The benefits of these proposed changes include:

  1. Enabling elliptic curve arithmetic operations on various curves, including BLS12-381, as EVM contracts.
  2. Reducing gas costs for operations on values up to 256 bits by 90-95% compared to existing MULMOD and ADDMOD opcodes.
  3. Allowing modexp precompile to be implemented as an EVM contract.
  4. Enabling significant cost reductions for algebraic hash functions (e.g., MiMC/Poseidon) and ZKP verification in the EVM.

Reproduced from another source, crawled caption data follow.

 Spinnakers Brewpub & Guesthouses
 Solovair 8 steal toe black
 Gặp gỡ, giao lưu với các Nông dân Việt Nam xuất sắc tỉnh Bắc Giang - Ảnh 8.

Contracts using EVMMAX will have a new EOF section type called the setup section, which contains a modulus, the number of values for operations, and two precomputed Montgomery parameters. Multiple setup sections can be present to allow the use of different moduli in the same contract. For dynamic moduli, a setup section omits the modulus and Montgomery parameters.

EIP-5483 vs EIP-6601

EIP-6601 and EIP-5843 are both proposals aimed at improving the efficiency of modular arithmetic operations in Ethereum. Here are some differences between both of these proposals:

  1. EIP-6601 introduces a new section type in Ethereum Object Format (EOF) called the setup section. This section stores the modulus, precomputed Montgomery parameters, and the number of values to be used for operations. EIP-5843 doesn't have this concept.
  2. EIP-6601 uses a separate memory space for EVMMAX values and introduces new load/store opcodes (STOREX/LOADX) to move values between EVM and EVMMAX memory. EIP-5843 doesn't have separate memory spaces or these specific opcodes.
  3. EIP-6601 supports operations on moduli up to 4096 bits, while EIP-5843 doesn't specify the bit limit.

EIP-6601 is a more advanced proposal that offers better organization and flexibility for modular arithmetic operations by introducing the setup section, separate memory space, and new opcodes, while supporting larger moduli.

EIP-6690: EVM Modular Arithmetic Extensions (EVMMAX)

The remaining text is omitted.